■ EXERCISE DIRECTIONS ■
The records below must be written out exactly, with every picture left behind.

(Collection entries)
============
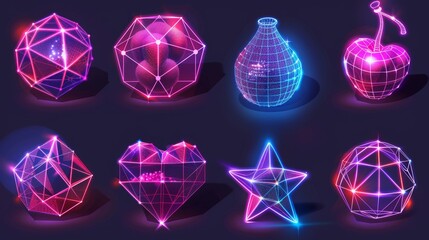 Poster - this abstract wireframe shapes set is isolated on a white background. this modern illustration shows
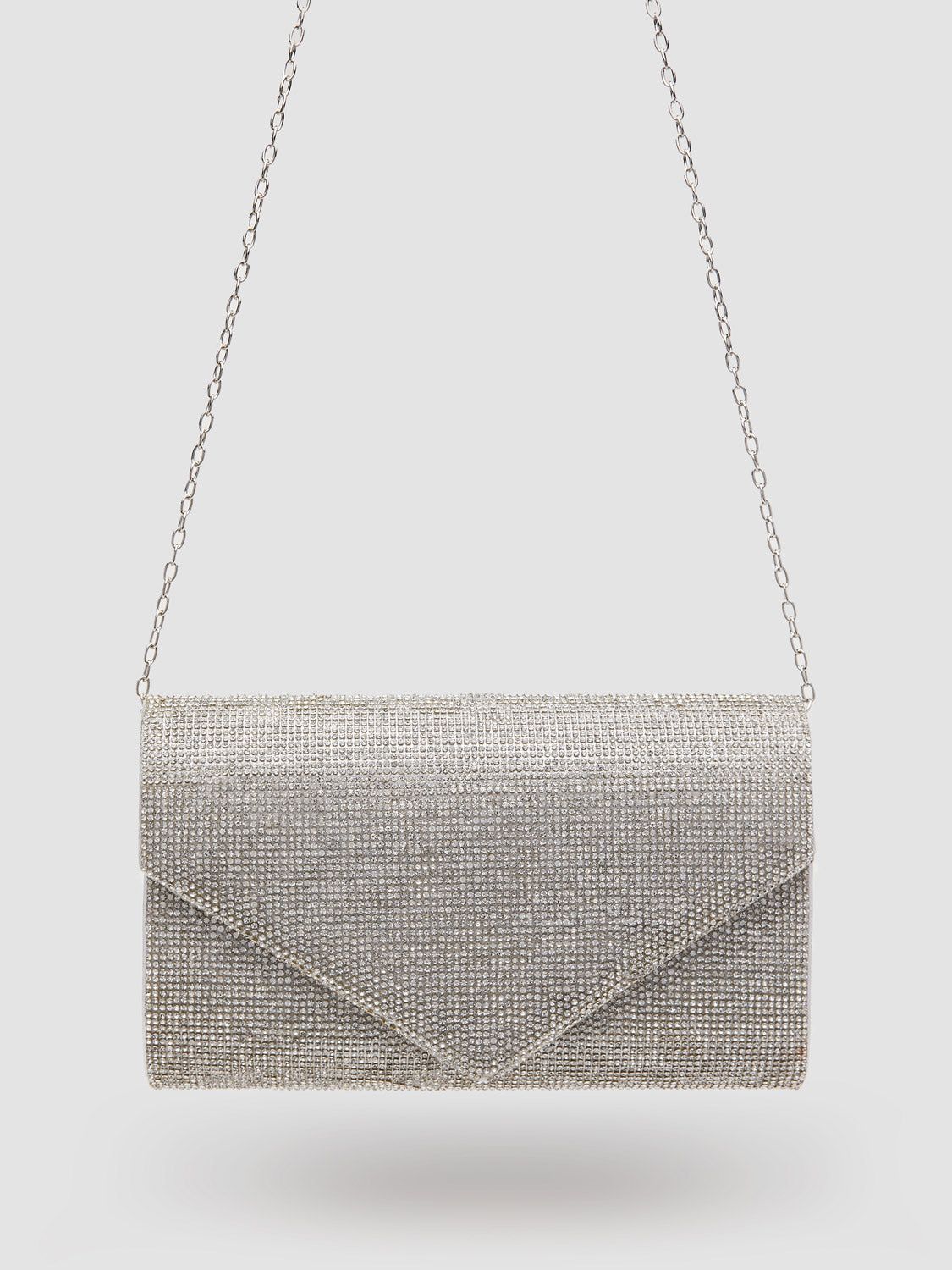 Rhinestone Flapover Envelope Clutch With Metal Trim sold by Suzy Shier product image thumbnail 2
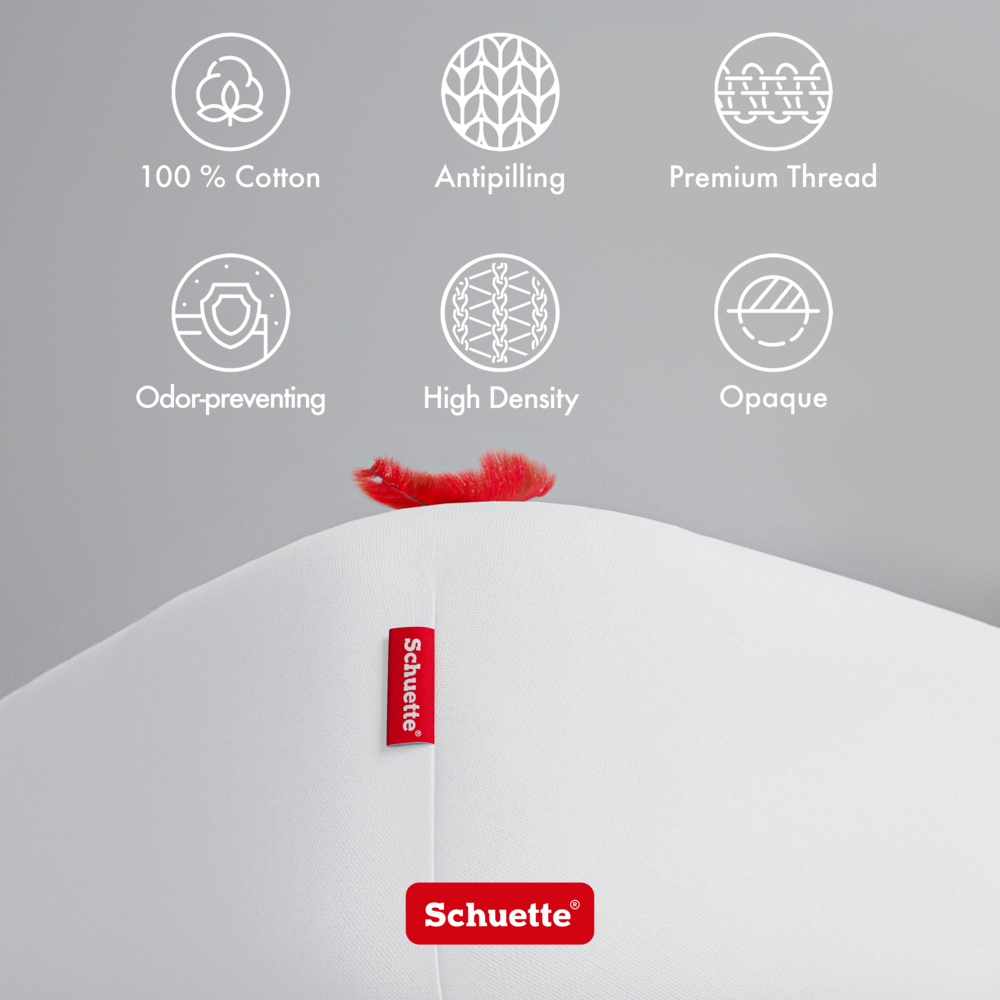 Features of Schuette fitted sheets: anti-pilling, odour-preventing and opaque
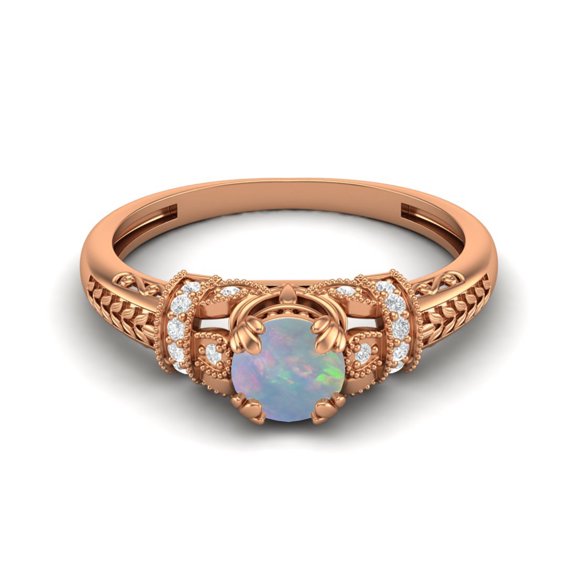 5 MM Round Shape Natural Opal 925 Silver Rose Plated Valentines Day Gifts Blossom Design Ring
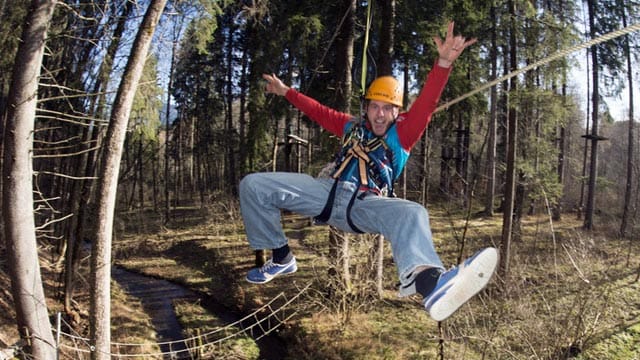 Flying Fox-Parcour in Bolsterlang (Allgäu).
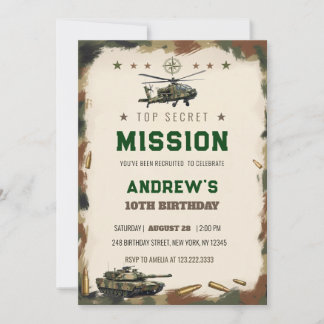Invitación Top Secret Military Mission Camouflage Birthday
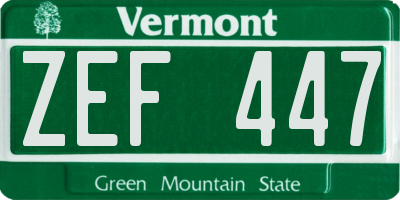 VT license plate ZEF447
============
■ SOLUTION TO THIS PROBLEM ■
 Poster - this abstract wireframe shapes set is isolated on a white background. this modern illustration shows
 Rhinestone Flapover Envelope Clutch With Metal Trim sold by Suzy Shier product image thumbnail 2
 Features of Schuette fitted sheets: anti-pilling, odour-preventing and opaque
 5 MM Round Shape Natural Opal 925 Silver Rose Plated Valentines Day Gifts Blossom Design Ring
 Flying Fox-Parcour in Bolsterlang (Allgäu).
Invitación Top Secret Military Mission Camouflage Birthday
 VT license plate ZEF447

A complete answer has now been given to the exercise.